Short descriptive text snippets:
-------------------------
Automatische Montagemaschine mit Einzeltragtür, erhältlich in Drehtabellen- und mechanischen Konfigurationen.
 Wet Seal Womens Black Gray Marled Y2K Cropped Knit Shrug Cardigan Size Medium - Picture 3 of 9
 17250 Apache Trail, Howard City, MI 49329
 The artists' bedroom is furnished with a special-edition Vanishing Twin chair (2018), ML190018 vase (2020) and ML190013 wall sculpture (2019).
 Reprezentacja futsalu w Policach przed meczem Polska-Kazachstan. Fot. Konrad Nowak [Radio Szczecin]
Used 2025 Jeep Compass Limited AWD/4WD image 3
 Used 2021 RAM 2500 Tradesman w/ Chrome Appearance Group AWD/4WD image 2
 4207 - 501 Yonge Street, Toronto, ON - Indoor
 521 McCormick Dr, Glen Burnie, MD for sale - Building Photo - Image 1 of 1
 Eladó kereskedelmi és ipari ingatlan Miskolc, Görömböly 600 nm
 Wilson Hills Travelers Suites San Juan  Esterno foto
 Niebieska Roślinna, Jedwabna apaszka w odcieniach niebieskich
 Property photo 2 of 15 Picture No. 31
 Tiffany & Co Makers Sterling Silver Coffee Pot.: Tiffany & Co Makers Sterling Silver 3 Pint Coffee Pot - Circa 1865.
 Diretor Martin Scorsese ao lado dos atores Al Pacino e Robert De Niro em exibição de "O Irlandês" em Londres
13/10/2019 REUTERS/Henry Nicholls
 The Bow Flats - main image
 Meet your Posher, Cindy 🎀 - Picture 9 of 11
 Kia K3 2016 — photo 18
-------------------------
● **Problem details**:
Once more, write all of the records exactly as given.

● **Solution for this exercise**:
Automatische Montagemaschine mit Einzeltragtür, erhältlich in Drehtabellen- und mechanischen Konfigurationen.
 Wet Seal Womens Black Gray Marled Y2K Cropped Knit Shrug Cardigan Size Medium - Picture 3 of 9
 17250 Apache Trail, Howard City, MI 49329
 The artists' bedroom is furnished with a special-edition Vanishing Twin chair (2018), ML190018 vase (2020) and ML190013 wall sculpture (2019).
 Reprezentacja futsalu w Policach przed meczem Polska-Kazachstan. Fot. Konrad Nowak [Radio Szczecin]
Used 2025 Jeep Compass Limited AWD/4WD image 3
 Used 2021 RAM 2500 Tradesman w/ Chrome Appearance Group AWD/4WD image 2
 4207 - 501 Yonge Street, Toronto, ON - Indoor
 521 McCormick Dr, Glen Burnie, MD for sale - Building Photo - Image 1 of 1
 Eladó kereskedelmi és ipari ingatlan Miskolc, Görömböly 600 nm
 Wilson Hills Travelers Suites San Juan  Esterno foto
 Niebieska Roślinna, Jedwabna apaszka w odcieniach niebieskich
 Property photo 2 of 15 Picture No. 31
 Tiffany & Co Makers Sterling Silver Coffee Pot.: Tiffany & Co Makers Sterling Silver 3 Pint Coffee Pot - Circa 1865.
 Diretor Martin Scorsese ao lado dos atores Al Pacino e Robert De Niro em exibição de "O Irlandês" em Londres
13/10/2019 REUTERS/Henry Nicholls
 The Bow Flats - main image
 Meet your Posher, Cindy 🎀 - Picture 9 of 11
 Kia K3 2016 — photo 18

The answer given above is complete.